[Saved entries]
++++
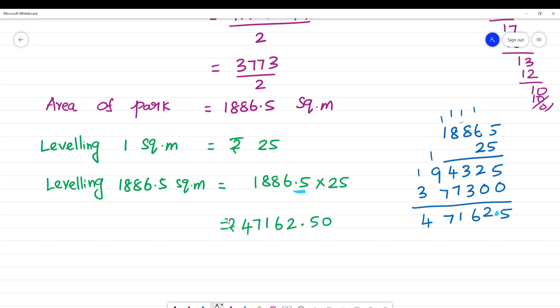So rupees 47,162.50 is the amount of money that has to be paid for leveling the park.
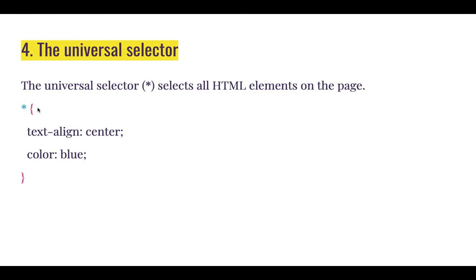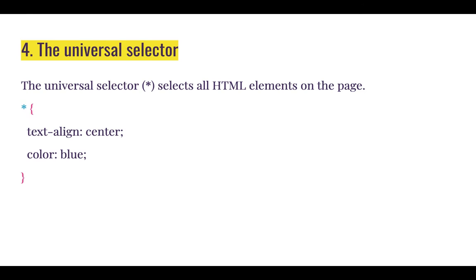The last simple CSS selector we'll be looking at is the universal selector. The universal selector selects all HTML elements on the page and you use asterisk to do that. We will look at how to use these selectors in the next video.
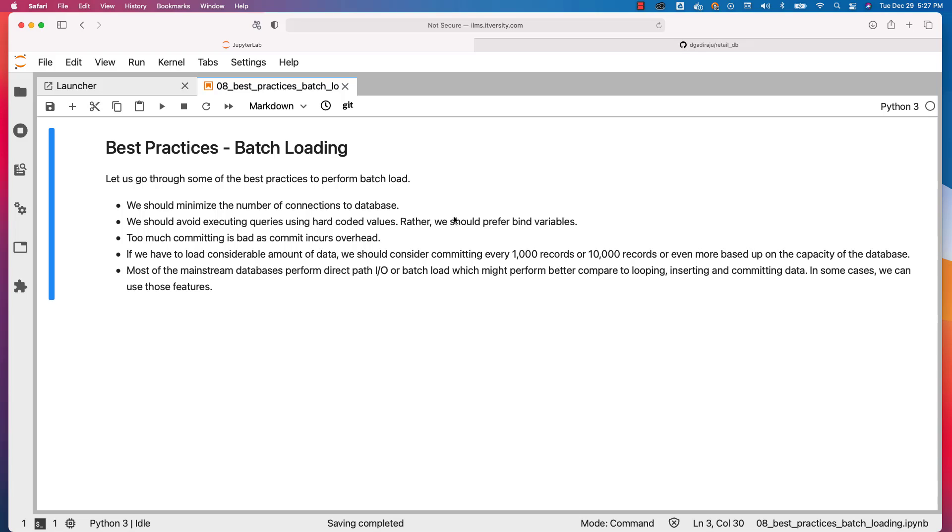These two are the most common approaches to get data loaded into tables when dealing with huge amounts of data.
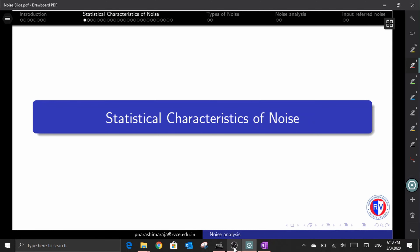Welcome back to the study of statistical characteristics of noise. Now that we have got an answer for why we are studying noise in analog circuit design, the introduction given in the previous video would have excited you to explore the topic of noise that exists inside the circuit. To make your excitation more meaningful, let's begin with the statistical behavior of a noise signal.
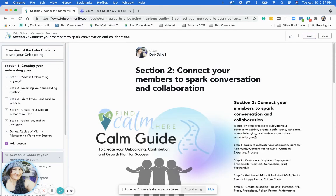All right, I'll see you in step one of section two.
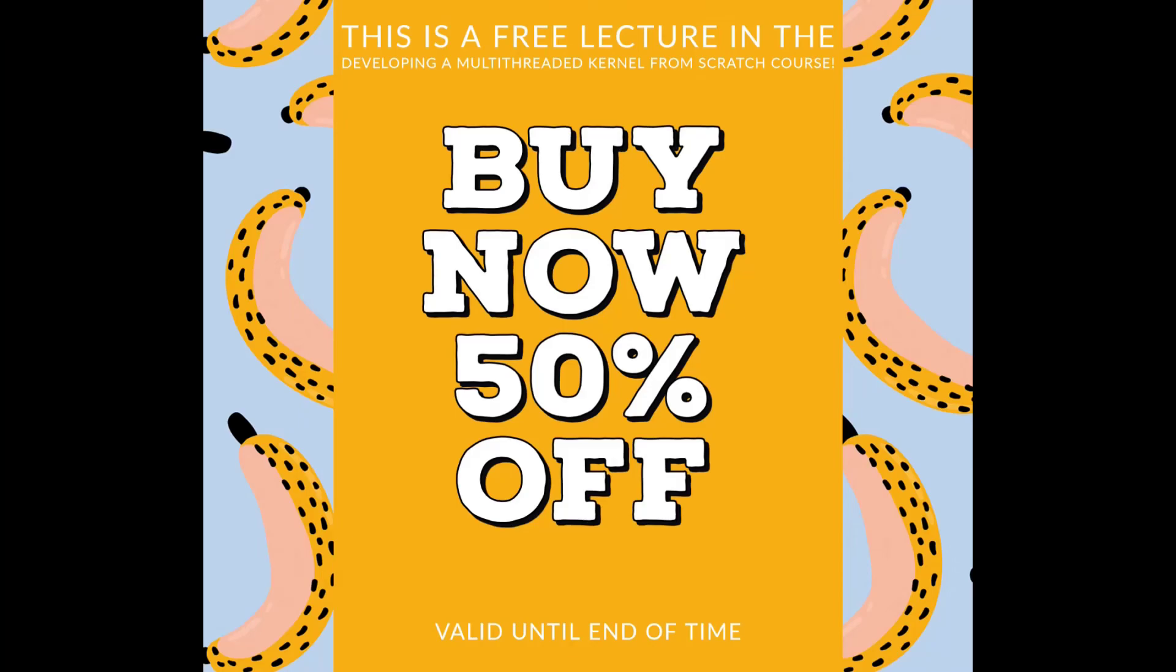Thank you for watching this lecture. This is a preview from the Developing a Multi-Threaded Kernel from Scratch course. If you would like to buy the course, you can find a direct link to the course with a discount coupon in the video description. If you would like to keep watching these free previews, please also check the description of this video for the next part.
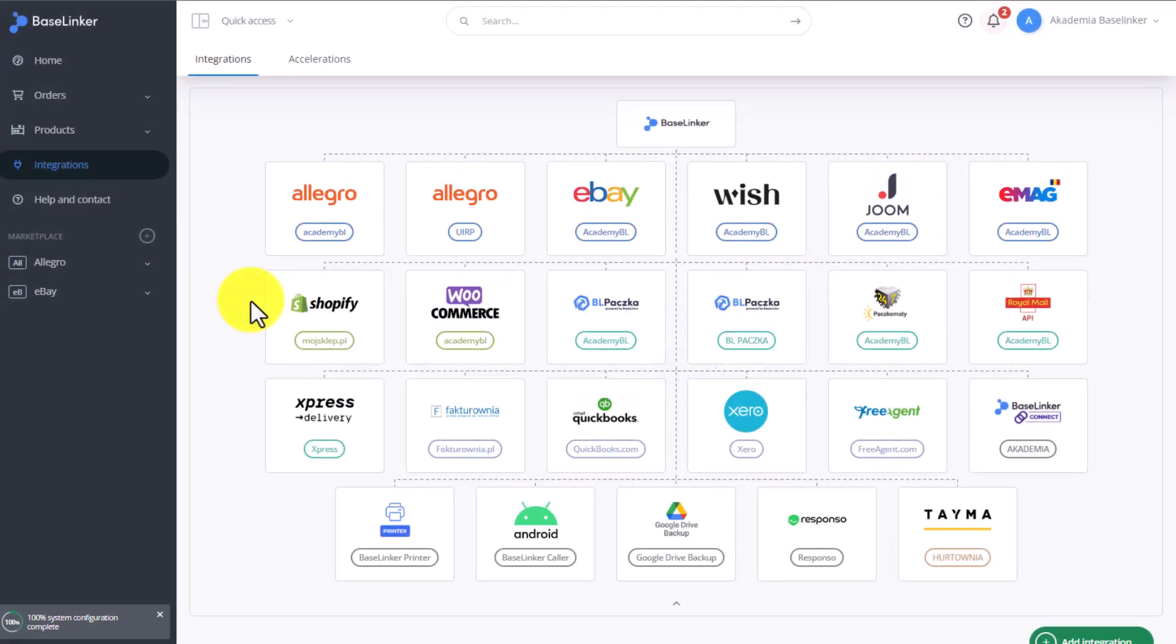A natural step in the development of e-commerce and the development of an e-commerce brand is the opening of an online store. Baselinker allows adding many different online store integrations, and in this training video you will learn how to add such integrations using, as an example, two of the most popular e-commerce platforms in Poland.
++++
> **TASK**
Give back every record above word for word, dropping pictures.

> **ANSWER TO THIS PROBLEM**
So rupees 47,162.50 is the amount of money that has to be paid for leveling the park.
The last simple CSS selector we'll be looking at is the universal selector. The universal selector selects all HTML elements on the page and you use asterisk to do that. We will look at how to use these selectors in the next video.
These two are the most common approaches to get data loaded into tables when dealing with huge amounts of data.
Welcome back to the study of statistical characteristics of noise. Now that we have got an answer for why we are studying noise in analog circuit design, the introduction given in the previous video would have excited you to explore the topic of noise that exists inside the circuit. To make your excitation more meaningful, let's begin with the statistical behavior of a noise signal.
All right, I'll see you in step one of section two.
Thank you for watching this lecture. This is a preview from the Developing a Multi-Threaded Kernel from Scratch course. If you would like to buy the course, you can find a direct link to the course with a discount coupon in the video description. If you would like to keep watching these free previews, please also check the description of this video for the next part.
A natural step in the development of e-commerce and the development of an e-commerce brand is the opening of an online store. Baselinker allows adding many different online store integrations, and in this training video you will learn how to add such integrations using, as an example, two of the most popular e-commerce platforms in Poland.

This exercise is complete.